I have to admit, all that I’ve ever known abut Juliana Hatfield is that she had a song (Spin The Bottle) on the soundtrack to Reality Bites, which I listened to endlessly when I was about 10. Hatfield’s song got overshadowed completely by Ethan Hawke’s ‘I’m Nothing’ – a song so deliriously in love with the self consumed angst of the era that it’s deliciously awful, replete with raspy ‘I wish I was Kurt Cobain’ vocals. But anyway, Hatfield gets her own bizarre character in the Christmas special of My So Called Life in which she plays a dead homeless girl who has come back as an angel.

Hatfield’s character appears much like Clarence in It’s A Wonderful Life (Trivia: the production company of My So Called Life was also called Bedford Falls, where Wonderful Life was set), except she imparts advice to poor old Rickie Vasquez (beaten up and left in the snow at the start of the episode and then kicked out of his house and made homeless. Oh, Rickie) and provides some commentary on socio-economic differences, privilege and looking out for each other as a goddamn community instead of letting people die on the streets.
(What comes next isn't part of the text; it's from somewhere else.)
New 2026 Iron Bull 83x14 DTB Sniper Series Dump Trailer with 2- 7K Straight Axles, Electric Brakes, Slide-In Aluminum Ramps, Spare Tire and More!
It’s heavy shit, yo.

Hatifeld, naturally, comes complete with her guitar and sad, festive songs to soundtrack the misery, which is nice considering someone stole her best pair of boots so she can’t get warm. You know what warms you up on the streets? A good old sing song.

Including the Halloween special of My So Called Life it’s the second time in the show in which Angela converses with the dead. Who knows what plot twist could have opened up in the never to be seen second season of the show with that kind of character arc on the cards.